The grounds of appeal
10. Following the promulgation of the Judge’s decision the Appellant engaged his current solicitors and grounds of appeal were drafted by Mr Richardson. These are twofold. First, it was contended that the Judge acted unfairly in refusing the adjournment application, given the particular circumstances with which he was confronted on the day of the hearing. Second, and in the alternative, the Judge acted with procedural unfairness in failing to expressly put to the Appellant a number of material points in respect of which the Judge ultimately found against the Appellant on credibility grounds. In respect of ground 2, it was said that the context, i.e. the lack of representation on the Appellant’s behalf, was an important consideration and that the points should have been made.
The hearing
11. In advance of the error of law hearing both representatives had been able to listen to an audio recording of the hearing before the Judge. At the hearing itself I received extremely helpful submissions from Mr Richardson and Mr Terrell, for which I am grateful. These are a matter of record and with all due respect I do not intend to set those out here.
Conclusions
12. I conclude that the Judge did err in law as contended for in the two grounds of appeal. In so concluding I bear in mind a need for appropriate judicial restraint before interfering with the decision of the Judge below, but I also bear in mind the importance of ensuring fairness and particularly that such fairness is very much context-specific.
13. In respect of ground 1 the context in the present case was that although it appears that Mr Hassan may not in fact be a solicitor, the Judge was unaware of that possibility and the Judge did not reject the credibility of the Appellant’s assertion that he had asked Mr Hassan to come and attend. Nor did the Judge expressly reject the explanation given by the Appellant as to why Mr Hassan had not attended on the day.
14. In this case the Appellant had not been legally represented throughout the appellate proceedings, with a consequence that, as far as I can discern, there was, for example, no witness statement prepared responding to the reasons for refusal points. On the face of it the Appellant had attended the hearing in the expectation that someone would be there to represent him. The fact that the Appellant was present and able to answer questions in my judgment did not of itself ‘cure’ the Judge’s decision to proceed notwithstanding the absence of representation.

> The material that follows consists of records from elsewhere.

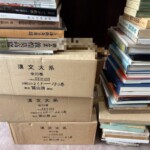 冨山房『漢文大系』全22巻の箱3つの上に『中國石窟 敦煌莫高窟』や奈良国立博物館の図録が積まれ、右に東洋文庫などの本の山が続く部屋の隅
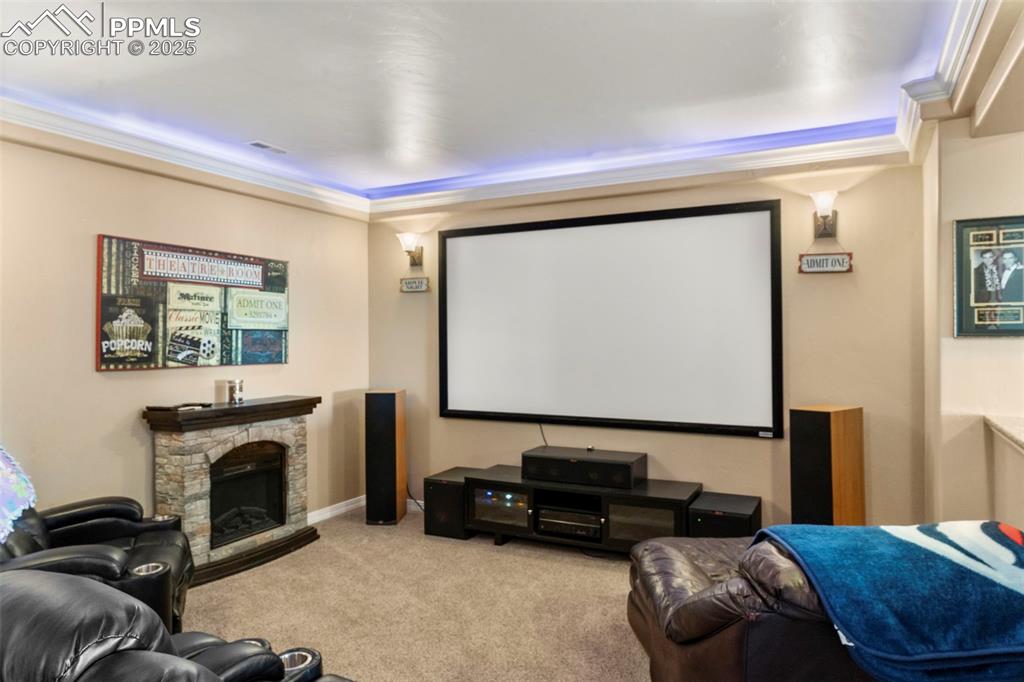 Image 37 of 41: Home theater with carpet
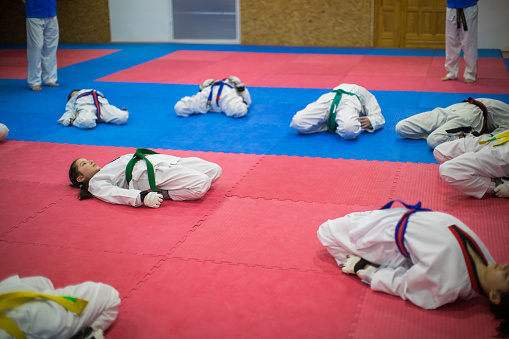 Girls and boys stretching their legs before taekwondo practice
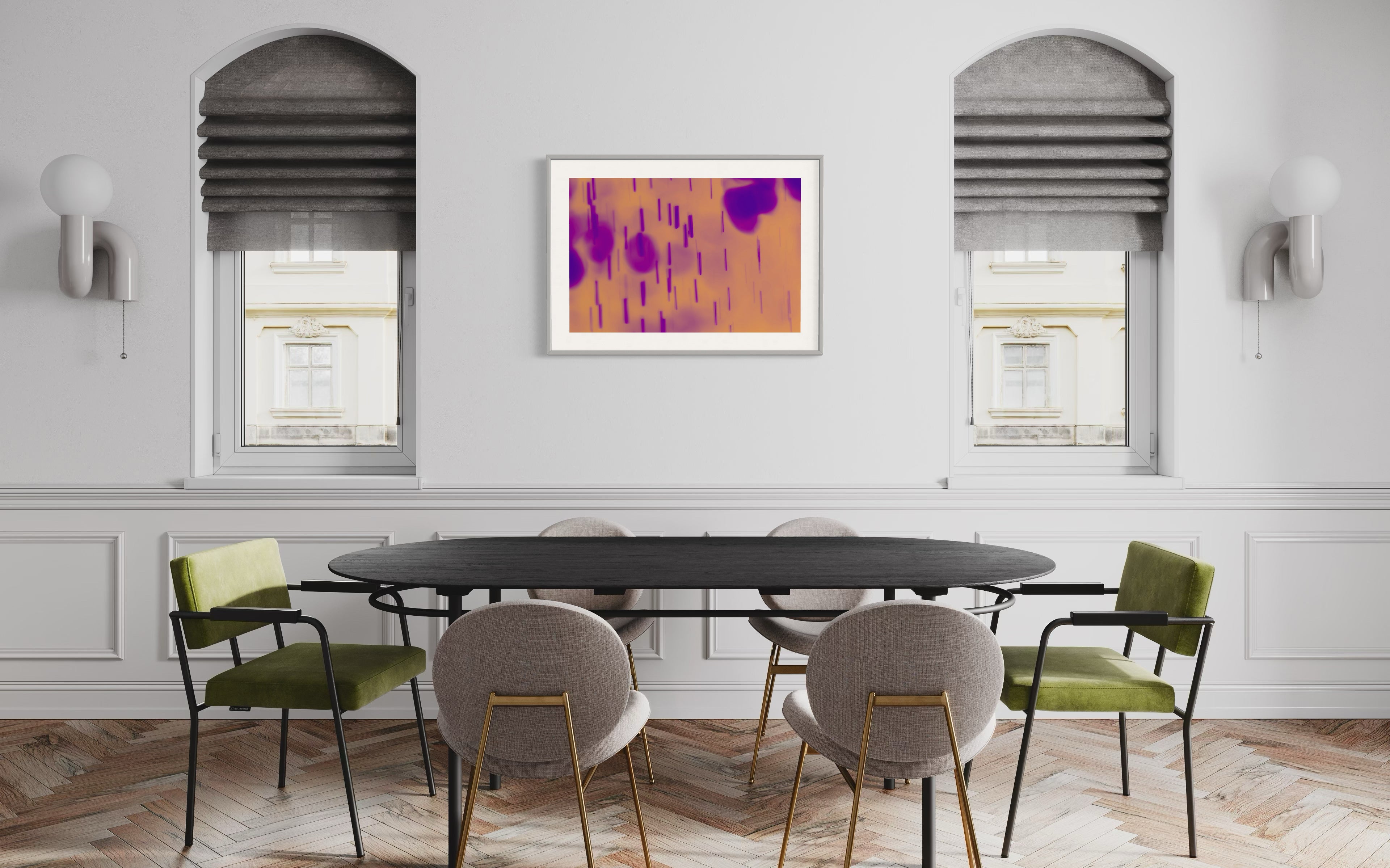 Modern dining room with a round table and chairs, featuring abstract art on the wall.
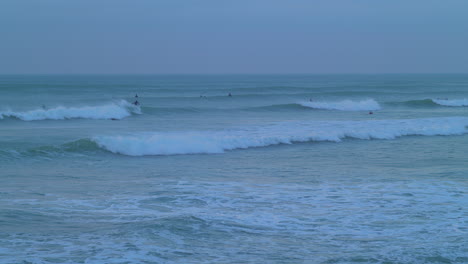 Surfers-ride-ocean-waves-during-blue-hour,-slow-motion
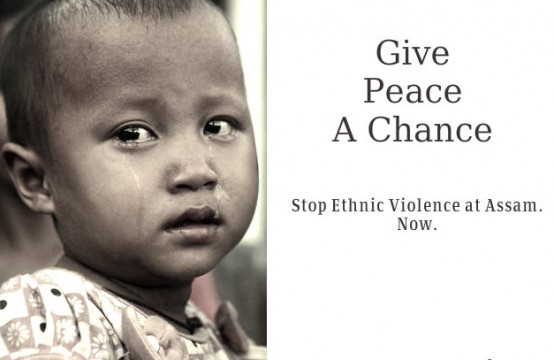 A child holds a placard demanding end to violence in India’s Assam State.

15. Put bluntly, answering questions from either a judge or a Presenting Officer is one thing, but there is at least a reasonable expectation that a representative would be in a position to lead certain evidence and/or make submissions and/or challenge points put forward by the Respondent.
16. On the face of the decision and with reference to paragraph 5 thereof, it is with respect, difficult to see what help the two solicitors referred to by the Judge had actually provided in respect of the preparation for the appeal hearing given the apparent absence of any witness statement and/or, for example, a skeleton argument.

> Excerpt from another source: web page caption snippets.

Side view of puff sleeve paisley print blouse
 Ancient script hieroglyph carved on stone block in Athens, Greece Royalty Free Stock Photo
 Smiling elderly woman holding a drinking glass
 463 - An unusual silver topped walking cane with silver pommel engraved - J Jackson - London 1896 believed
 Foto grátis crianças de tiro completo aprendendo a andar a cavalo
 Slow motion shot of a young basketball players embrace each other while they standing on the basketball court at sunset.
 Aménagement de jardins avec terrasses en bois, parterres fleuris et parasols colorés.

17. I agree with Mr Richardson’s point that whilst litigation in this jurisdiction is adversarial, this must be placed in context, particularly where fairness is concerned.
18. Having regard to relevant authorities which have been summarised in the relatively recent judgment in Abdi v ECO [2023] EWCA Civ 1455, I conclude that the Judge did not act fairly by refusing to adjourn the case, given the particular facts of this case. On that basis alone it is clear that the error of law was material to the outcome as a whole and that the Appellant can succeed in his appeal on this basis alone.
19. Although it is not strictly necessary for me to address ground 2, I will do so for the sake of completeness. As a starting point I acknowledge Mr Terrell’s forensic analysis of the Judge’s decision in the context of the reasons for refusal letter and in my view he was right to have emphasised the point that just about all of the matters taken against the Appellant by the Judge were indeed raised in that letter. In many cases that would be a complete answer to a procedural fairness challenge.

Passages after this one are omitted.